Por Sara Almeida**
Assiste-se recorrentemente em Cabo Verde a algo, a meu ver, pernicioso e aflitivo: a romantização da pobreza. Uma romantização que vem de todos os quadrantes políticos, todas as classes sócio-económicas e todos os níveis de intelectualidade.
Ora, a pobreza de romântico não tem nada. É algo mau, ponto final. A pobreza tolhe a vida de quem toca. A pobreza mata.
E toda a gente sabe isso, e o país tenta e retenta lutar contra a pobreza (a eficácia da luta seria outra discussão), mas depois, volta e meia, lá vem essa romantização. E às vezes de pessoas que até parecem, no geral, querer combatê-la…
Geralmente, essa romantização até é feita com a melhor das intenções e ligada a merecidos elogios. Por exemplo, quando se elogia o espírito lutador de alguém que singrou na vida graças à sua força de vontade e espírito de sacrifício, há um princípio válido de admiração. Mas não se pode tentar normalizar a excepção, e enquanto houver essas histórias é porque muitas vezes há também um certo falhanço colectivo, dos Estados, portanto.
Não quero alongar-me em casos particulares de romantização, mas esta questão voltou à ribalta com a publicação, certamente com a melhor das intenções e baseada numa genuína admiração, de Olavo Correia. O ministro publicou nas redes sociais um caso inspirador, mas no qual se denotam falhas sistémicas no acesso à educação.
A questão tinha sido também politicamente levantada (num caso de contornos diferentes) quando a então Ministra do Emprego do governo PAICV, Janira Hoppfer Almada, sugeriu aos desempregados que vendessem pastel e canja para driblar a pobreza.
Engraçado ver que muitos dos que criticaram um, não criticam o outro, quando o problema base é o mesmo: romantizar a pobreza e desresponsabilizar o Estado.
O sucesso tem ou deve ser um processo par e passo individual – de esforço pessoal – e colectivo – de oportunidades. E um Estado que não serve as pessoas, não serve para nada.
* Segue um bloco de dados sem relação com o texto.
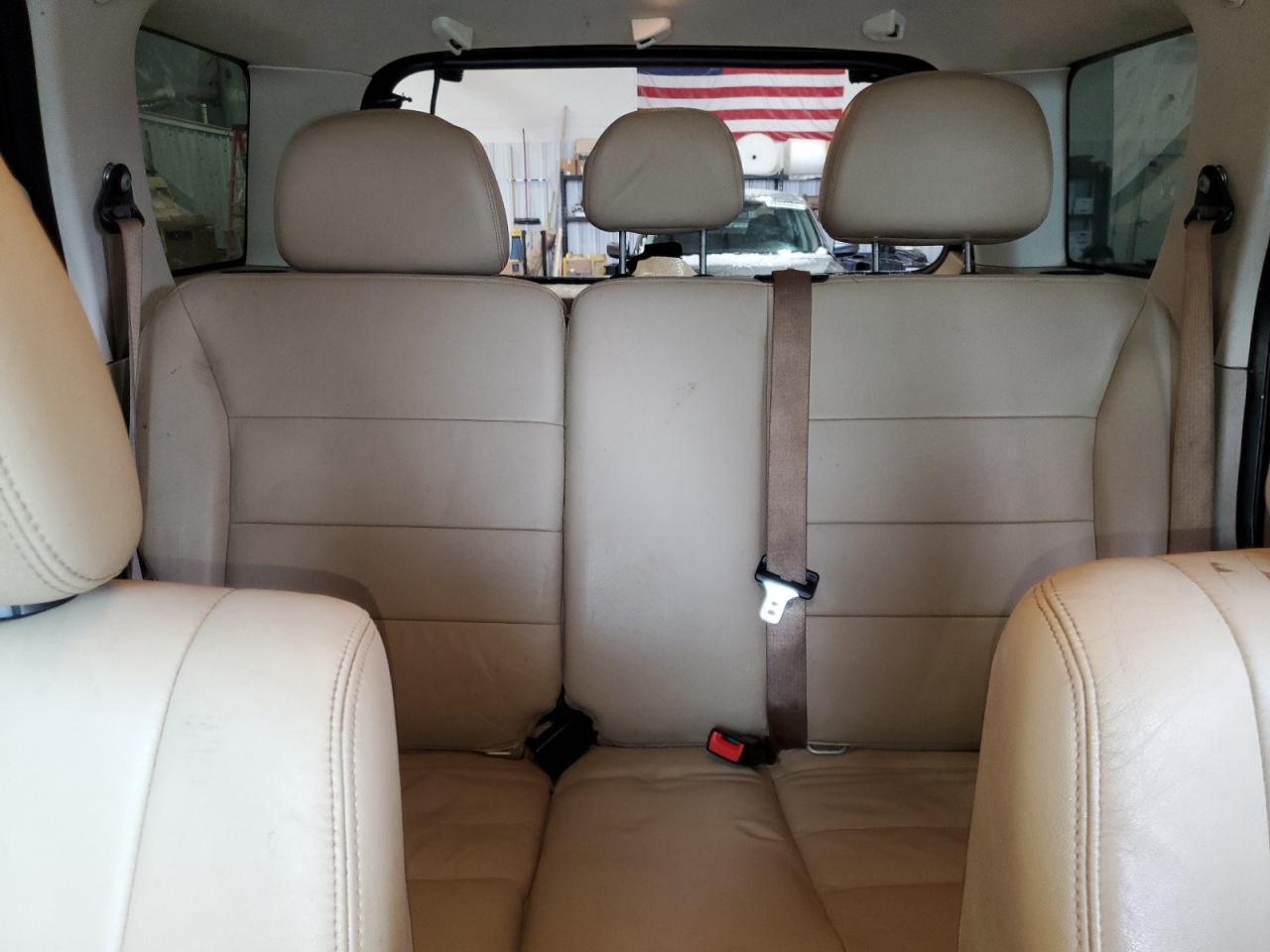 2010 Ford Escape - Image 10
As romantizações e falácias são várias. A meritocracia, apesar de ainda ser o sistema menos mau, é uma falácia pois as condições de partida são demasiado desiguais para a sua concretização real. O empreendedorismo, à partida também algo positivo é, quando elevado ao grau uma pessoa-um empresário, uma forma de desresponsabilização dos governos de gerar empregos.
E, uma outra “romantização” que ultrapassa o Estado. Temos uma resma de pessoas, muitas das quais até intelectuais bem críticos, a defender o direito de “ganhar o pão de cada dia” e a informalidade e criticando as medidas de formalização da economia. Ora, uma pessoa não deve viver para ganhar o “pão de cada dia”, deve viver tendo o pão garantido todos os dias. A informalidade – que, verdade seja dita, o governo tem tentado combater –, não satisfaz ninguém. Não ajuda a colectividade que é o Estado, nem dá segurança ou garantias a quem nela, individualmente, vive. Políticos e intelectuais a defendê-la sem serem criticados (às vezes até são elogiados…), de facto só é possível num país que romantiza a pobreza.
Salvaguarde-se, porém, que, apesar das muitas críticas politicamente tendenciosas nas redes sociais, e dos intelectuais à informalidade, surgem também, cada vez mais, críticas construtivas que quebram essa romantização. Esperemos que estas continuem a aumentar.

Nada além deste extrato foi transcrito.